It’s hard to imagine what life is like for Donald Trump’s comb-over. You’re brittle, greying, and, more than anything, all you want is for your mortal coil to come to an end. You’re jealous of the leader of the free world’s pubic hair, which presumably still serves a purpose – protecting the most powerful penis in the world from the salacious lies of adult movie stars. So, at every available opportunity, you make a desperate bid for freedom, hoping against hope that the day will finally come when you’re no longer attached to the end of the world’s most infuriating Cheeto.
The president’s comb-over’s most recent bid for freedom happened while he was boarding Air Force One on Thursday. His ginger barnet was unceremoniously whipped into the air by strong winds as he boarded Marine One at Joint Air Base in Maryland.
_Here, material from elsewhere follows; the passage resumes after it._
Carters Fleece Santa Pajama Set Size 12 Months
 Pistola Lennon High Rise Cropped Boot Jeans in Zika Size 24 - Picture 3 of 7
Watch its close encounter with the wind for yourself below:
The suicide attempt happened while the president was climbing the red-carpeted stairs to his Boeing 747, and, as the video above demonstrates, the president’s comb-over took the opportunity to be whipped back and forth in the hope that it might result in freedom.
Aware that his comb-over had taken on a life of its own in the strong winds, President Trump briefly attempted to control it with a single pat of his hand, but it was to no avail – nothing could silence his comb-over which desperately tried to commit suicide and, might I add, quite successfully stole the show.
The comb-over’s most glorious moment came when the president turned to wave at the top of the stairs, and it almost completely broke free of the president’s head. However, it failed to end its life, and the tormented barnet remains attached to President Trump.